— TRY IT —
Exact transcription of the data below is required, without the images.

— GIVEN MATERIAL —
++++++++

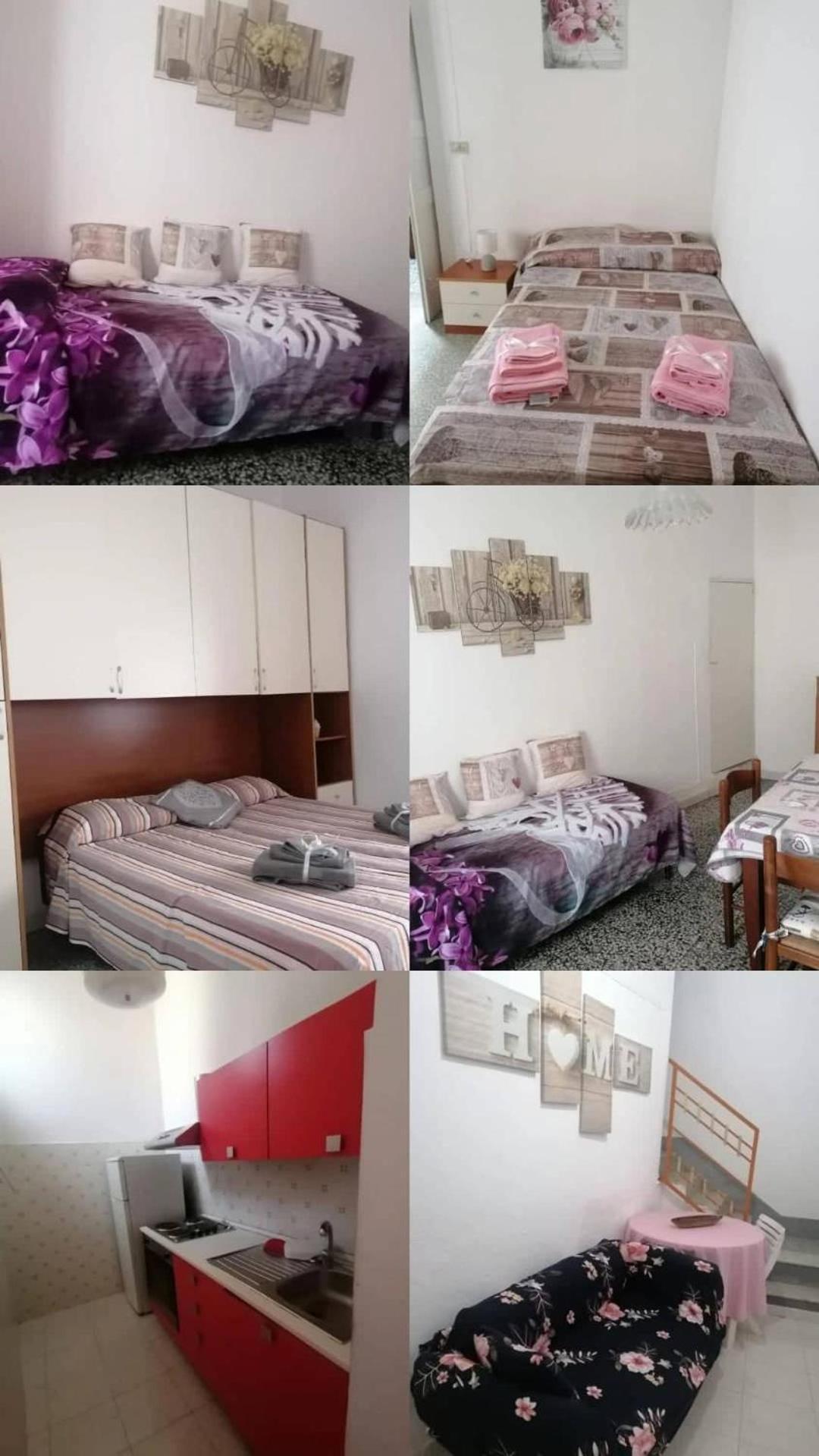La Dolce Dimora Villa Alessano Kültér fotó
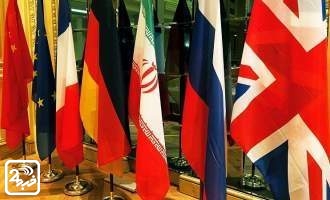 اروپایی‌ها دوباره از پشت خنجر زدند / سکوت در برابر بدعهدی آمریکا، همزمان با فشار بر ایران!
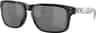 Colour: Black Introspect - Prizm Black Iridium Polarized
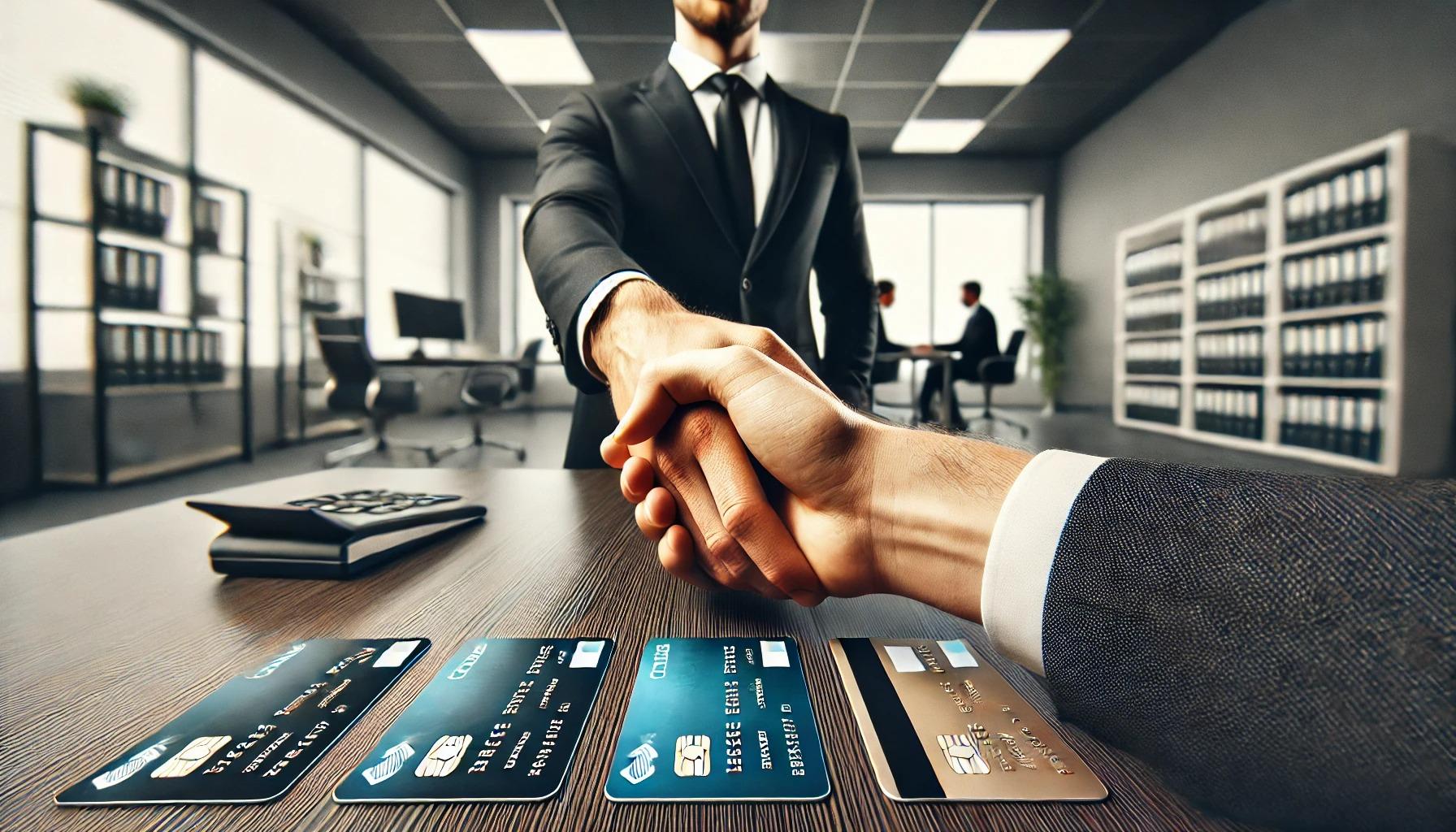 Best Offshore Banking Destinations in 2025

++++++++

— RESPONSE TO THE EXERCISE —
La Dolce Dimora Villa Alessano Kültér fotó
 اروپایی‌ها دوباره از پشت خنجر زدند / سکوت در برابر بدعهدی آمریکا، همزمان با فشار بر ایران!
 Colour: Black Introspect - Prizm Black Iridium Polarized
 Best Offshore Banking Destinations in 2025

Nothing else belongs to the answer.